After a brief meeting this morning between President Obama and Congressional leaders, the parties emerged resolved that there will be no deal to avoid $85 billion in budget cuts under the moniker of “sequestration.”
The meeting comes a half day after the Senate killed the last two bills aimed at averting the “fiscal cliff.” In an address to the nation immediately following the meeting, Obama warned that these cuts would cause a half-percent drop in economic growth and the loss of 750,000 jobs. “None of this is necessary. It’s happening because a choice that Republicans in Congress have made. They’ve allowed these cuts to happen because they refuse to budge on closing a single wasteful loophole to help reduce the deficit,” the President said, referring to Republicans resistance to raising taxes on high earners.

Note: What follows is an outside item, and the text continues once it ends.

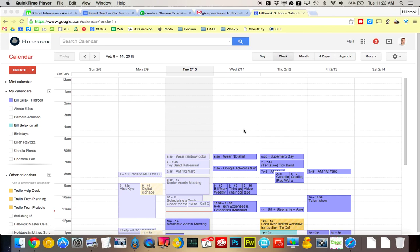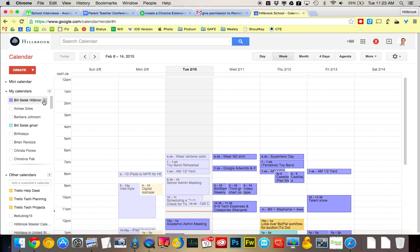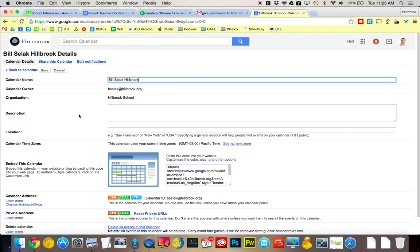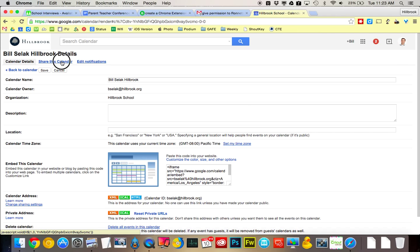So here's how to share your calendar with other people. Here's my calendar that I want to share. I'm in google.com/calendar. I'm going to come over to mine, grab this triangle, go into settings, and then I can share this calendar.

"Let's make it clear, the president got his tax hike on Jan. 1. The discussion about revenue, in my view, is over. It's about taking on the spending problem in Washington,” said House Majority Leader John Boehner in a press conference shortly after the meeting.

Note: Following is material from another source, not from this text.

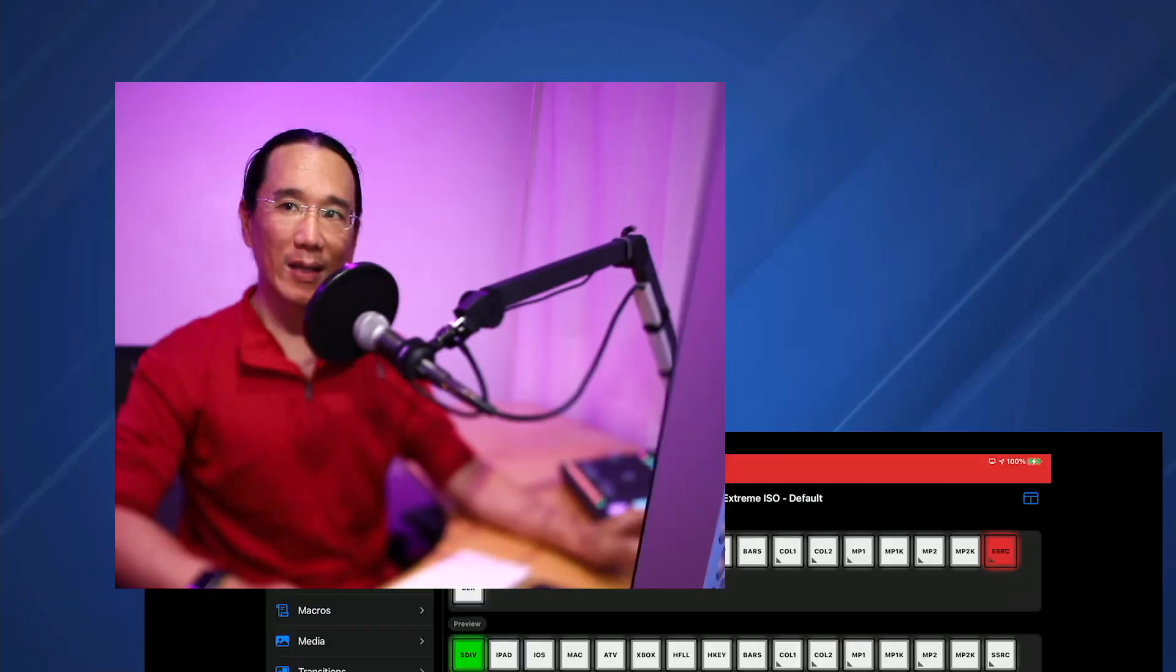Hey, it's Adam with another What's New in MixEffect. This time we're going to be covering MixEffect 1.1.1, which I'm calling the Switcher Discovery Release. Without further ado, let's get started.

The inability for the parties to get together to avoid what were supposed to be cuts so deep neither side of the aisle could tolerate them, has many worried about another looming economic debate: expiration of the government funding resolution on March 27. Failure to agree to a continuing budget resolution could cause the shutdown of the U.S. government, but in the current climate of partisanship, is even that enough to drive Democrats and Republicans to compromise?